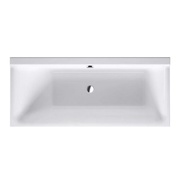 Акриловая ванна Duravit P3 Comforts Правая 170x75
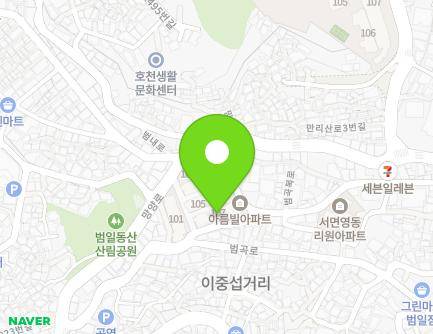 6 Beomgokseo-ro, Dong-gu, Busan, Republic of Korea Map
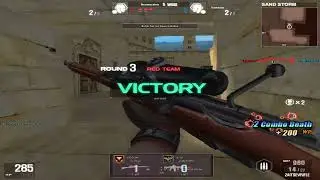 Wolfteam Symbioz High Rank Quick Shots ᴴᴰ
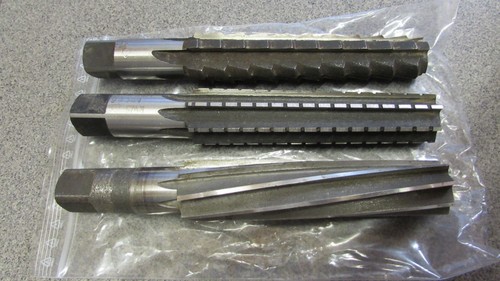 Reibahlen satz morsekegel mk3 - reibahlen,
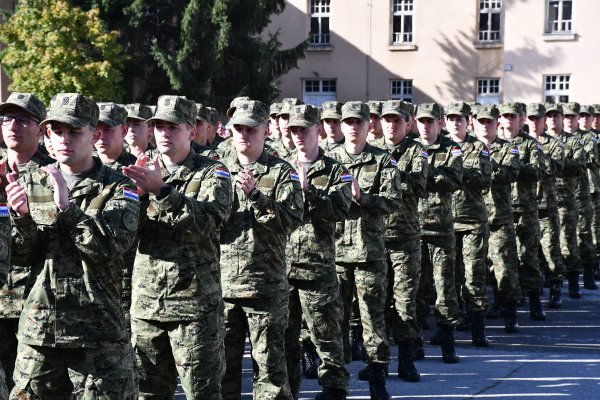 Hrvatska vojska - ilustracija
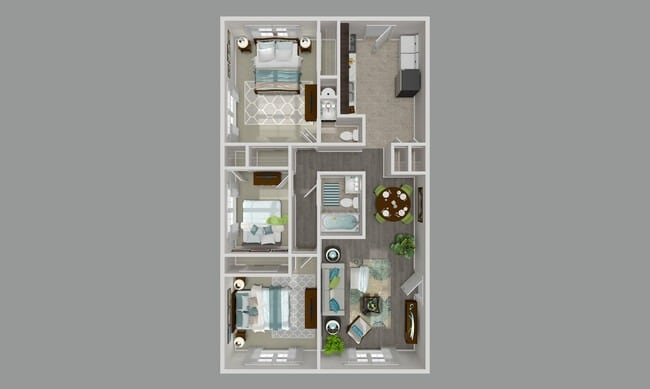 3 x 3 - 3/1.50 - Renovated
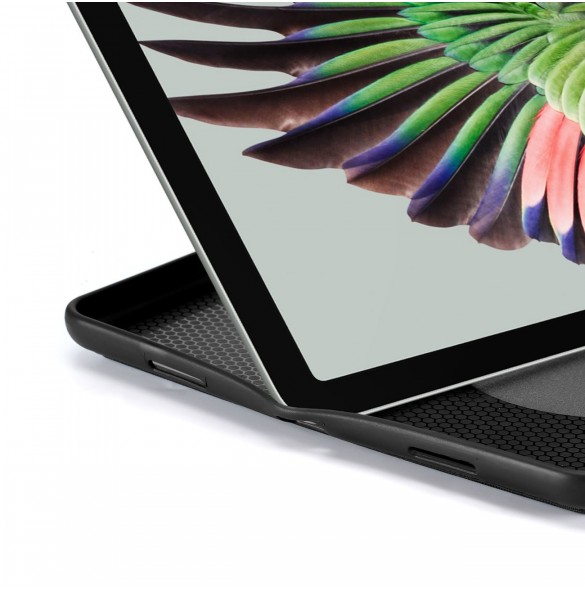 Smart fodral till Google Pixel Tablet Dux Ducis Domo - svart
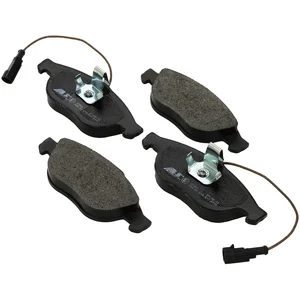 Kit de plaquettes de frein, frein à disque 37064 ABS 37064 pas cher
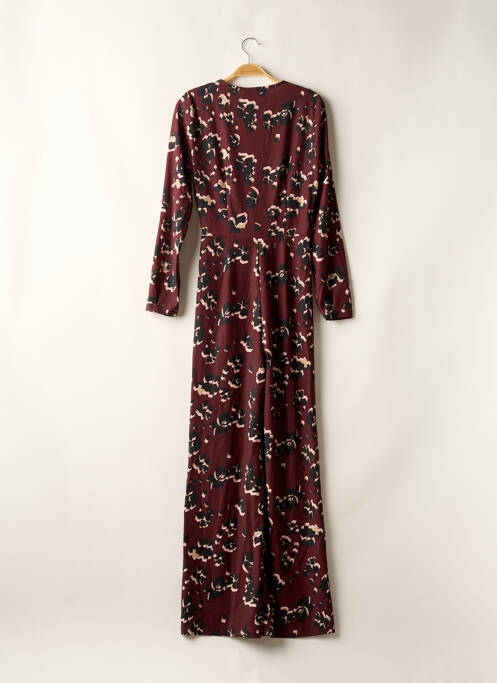 Combi-pantalon rouge CLOUDS OF FASHION pour femme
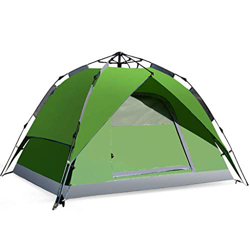 2-3 Personas Apertura Rápida Automática A Prueba De Lluvia A Prueba De Viento Tienda De Campaña Multifunción,Verde precio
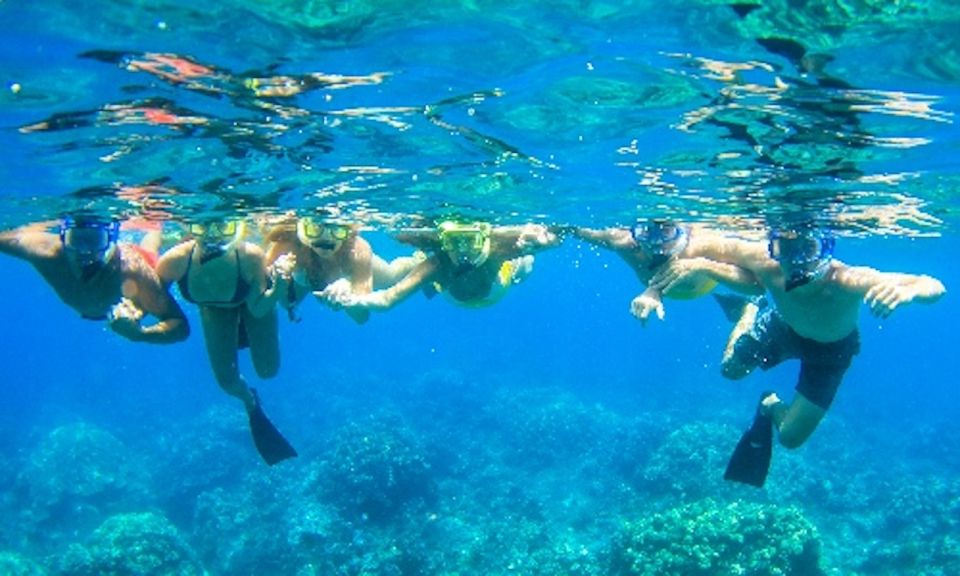 Maui: Kaanapali Beach 5-hr Snorkel w/ BBQ Lunch & Open Bar - Why This 5-Hour Kaanapali Snorkel Sail Works So Well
—————
## Activity
The lines wanted run from the one with "Kit de plaquettes" through the final line of the data; repeat them word for word and skip every picture.

## Completed task
 Kit de plaquettes de frein, frein à disque 37064 ABS 37064 pas cher
 Combi-pantalon rouge CLOUDS OF FASHION pour femme
 2-3 Personas Apertura Rápida Automática A Prueba De Lluvia A Prueba De Viento Tienda De Campaña Multifunción,Verde precio
 Maui: Kaanapali Beach 5-hr Snorkel w/ BBQ Lunch & Open Bar - Why This 5-Hour Kaanapali Snorkel Sail Works So Well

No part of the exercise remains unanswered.